WHAT YOU SHOULD DO
Task for the records below: repeat the line containing "Black and white" and every line after it, exactly and with nothing else, but leave out the pictures.
== == ==
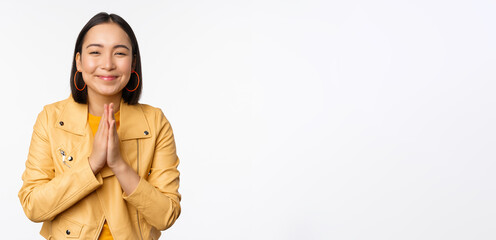 Wall Mural - Happy korean woman, looking hopeful, asking for help favour, begging, standing with namaste gesture and smiling, standing over white background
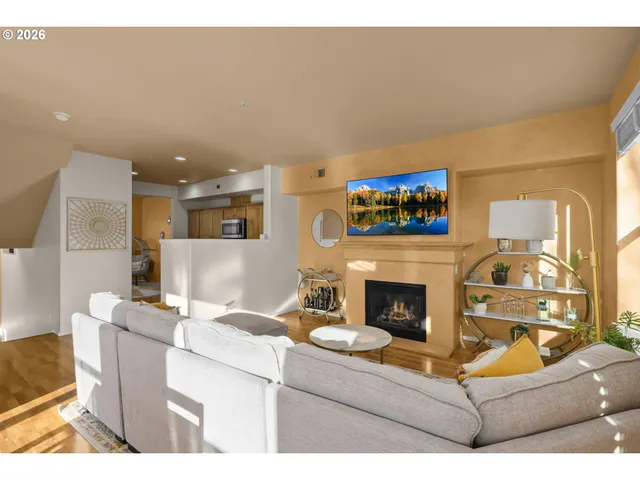 a living room with furniture a fireplace and a flat screen tv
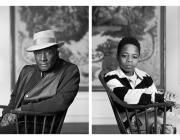 Black and white photo of seated Fred Stewart II and Tyler Collins. Both look at camera.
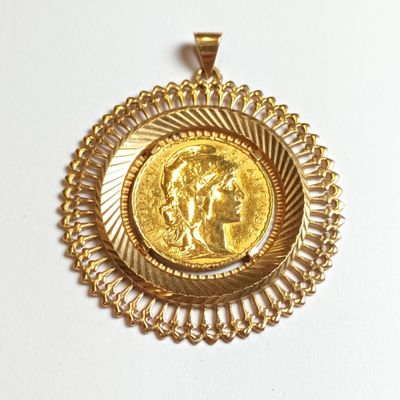 l'image d'une pièce d'or sur laquelle figure une femme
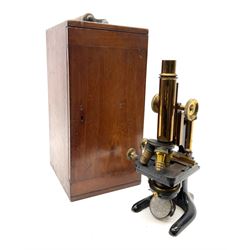 Late 19th/early 20th century brass and black enamelled monocular microscope, probably by Carl Zeiss Jena, with triple adjustable lens, movable oblong table and rack-and-pinion focussing, bears Agent's stamp for J. Woolley Sons & Co. Ltd. Victoria Bridge Manchester H31cm, in fitted mahogany carrying case with three additional lenses marked Carl Zeiss Jena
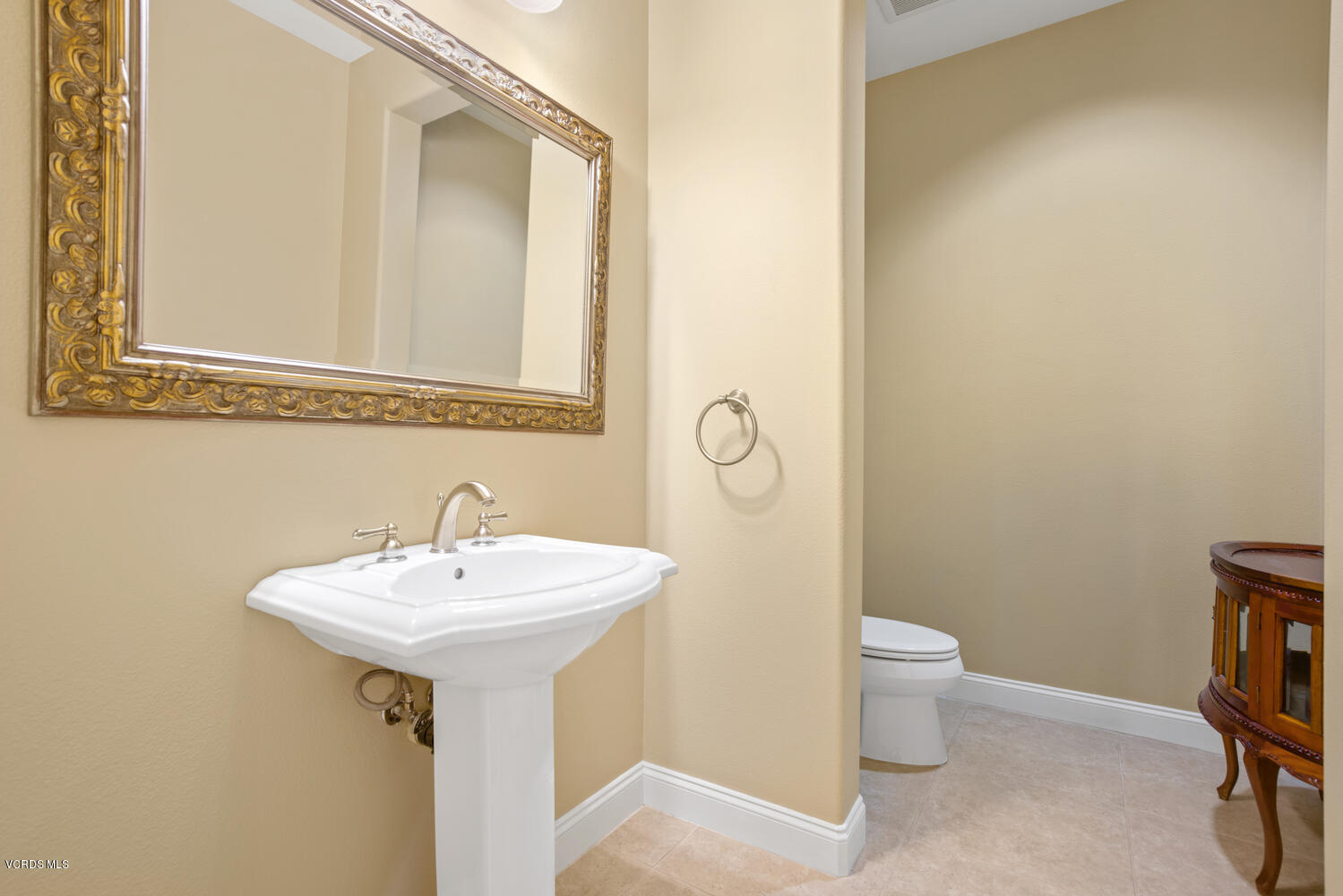 477 Vineyard Drive Simi Valley, CA 93065 - Photo 28 of 65 a bathroom with a sink and a mirror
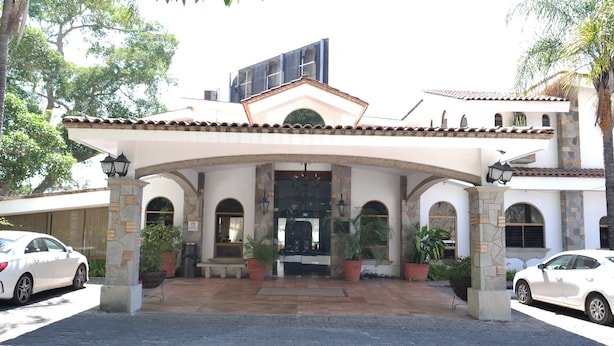 A building with a tiled roof, arched doorways, and potted plants. - Hotel Hacienda las Higueras  (Tepic)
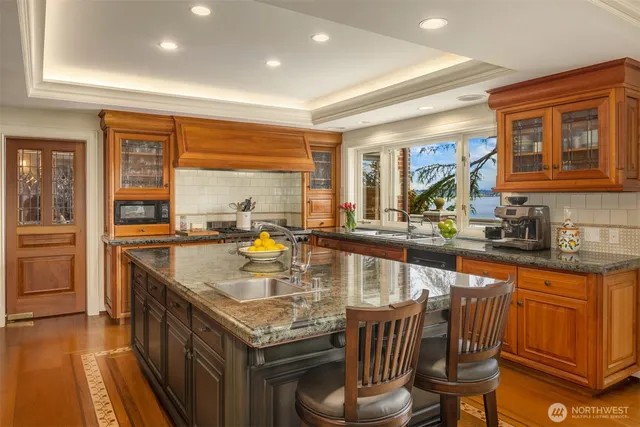 a kitchen with sink and window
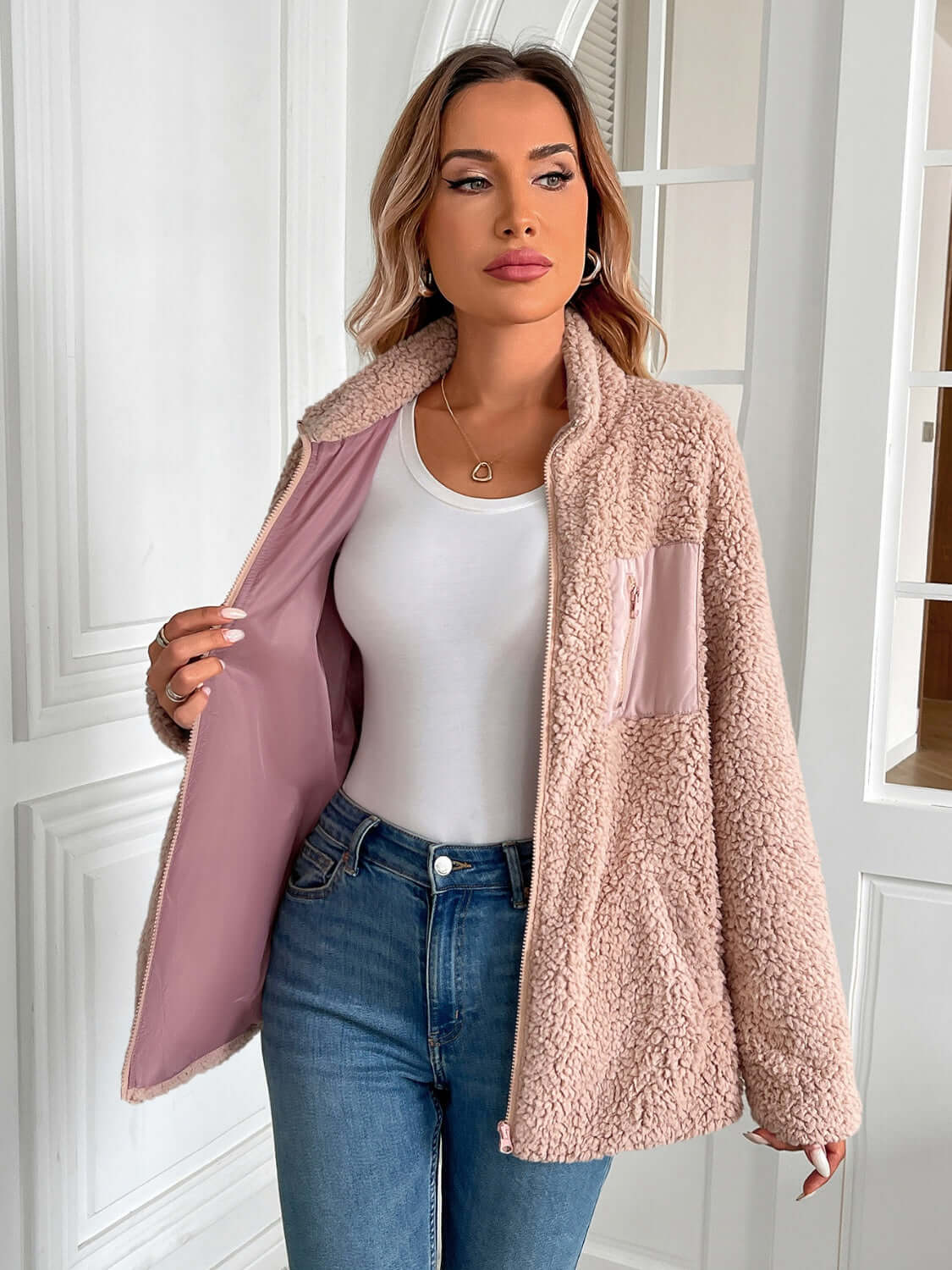 Woman wearing Ivy Lane Zip Up Long Sleeve Fuzzy Jacket in pink, paired with white top and jeans, showcasing cozy style.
== == ==
SOLUTION
 Black and white photo of seated Fred Stewart II and Tyler Collins. Both look at camera.
 l'image d'une pièce d'or sur laquelle figure une femme
 Late 19th/early 20th century brass and black enamelled monocular microscope, probably by Carl Zeiss Jena, with triple adjustable lens, movable oblong table and rack-and-pinion focussing, bears Agent's stamp for J. Woolley Sons & Co. Ltd. Victoria Bridge Manchester H31cm, in fitted mahogany carrying case with three additional lenses marked Carl Zeiss Jena
 477 Vineyard Drive Simi Valley, CA 93065 - Photo 28 of 65 a bathroom with a sink and a mirror
 A building with a tiled roof, arched doorways, and potted plants. - Hotel Hacienda las Higueras  (Tepic)
 a kitchen with sink and window
 Woman wearing Ivy Lane Zip Up Long Sleeve Fuzzy Jacket in pink, paired with white top and jeans, showcasing cozy style.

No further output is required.